This report is generated from a local JSON file. The table, filters, and sorting run in your browser. No benchmark data is sent to a server, your usage is not tracked, and this page will never have ads.

This benchmark compares pandas read_csv(path) against pandas read_csv(path, engine="pyarrow") across 48 derived CSV files from the NYC TLC Yellow Taxi trip-record corpus.

Every file represents one month between January 2019 and December 2022. The goal is simple: measure how parser choice changes the time required to open the same local CSV data.

- NYC TLC CSV Read Benchmark -

The same 48 CSV files were read with pandas default parsing and pandas using the PyArrow CSV engine.

Loading data report.
CSV files compared
total rows
derived CSV corpus
PyArrow wins
median file speedup
overall summed-median speedup

PyArrow won every file in this benchmark. The useful practical lesson is not merely that one parser is faster, but that parser choice becomes a recurring cost when a large CSV corpus is read repeatedly.

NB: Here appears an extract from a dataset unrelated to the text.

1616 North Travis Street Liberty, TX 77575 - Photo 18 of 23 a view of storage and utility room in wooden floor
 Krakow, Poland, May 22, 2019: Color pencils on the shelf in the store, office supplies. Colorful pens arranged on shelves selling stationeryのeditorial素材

- Two Useful Reference Points -

These examples are generated from the same data.json file as the full table.

Loading examples

The benchmark examples will appear after the data loads.

- Full CSV Read Table -

Search by file, period, taxi type, or winner. Filter by year and winning reader. Sort the table to compare file size, row count, median read time, and speedup.

Waiting for table data.
NYC TLC Yellow Taxi derived CSV benchmark. Times are median milliseconds from three timed reads. The first read was measured separately and is not shown in this table.
Loading report data.

Download the data

This page is generated from data.json. You can inspect the full benchmark output without scraping the page.

Download this report's data.json

About this test

This is the first NYC TLC report in the Round 2 CSV benchmark series.

It compares the same 48 derived CSV files using two pandas calls:

pd.read_csv(path)

and:

pd.read_csv(path, engine="pyarrow")

The corpus contains monthly NYC Yellow Taxi trip-record files from January 2019 through December 2022.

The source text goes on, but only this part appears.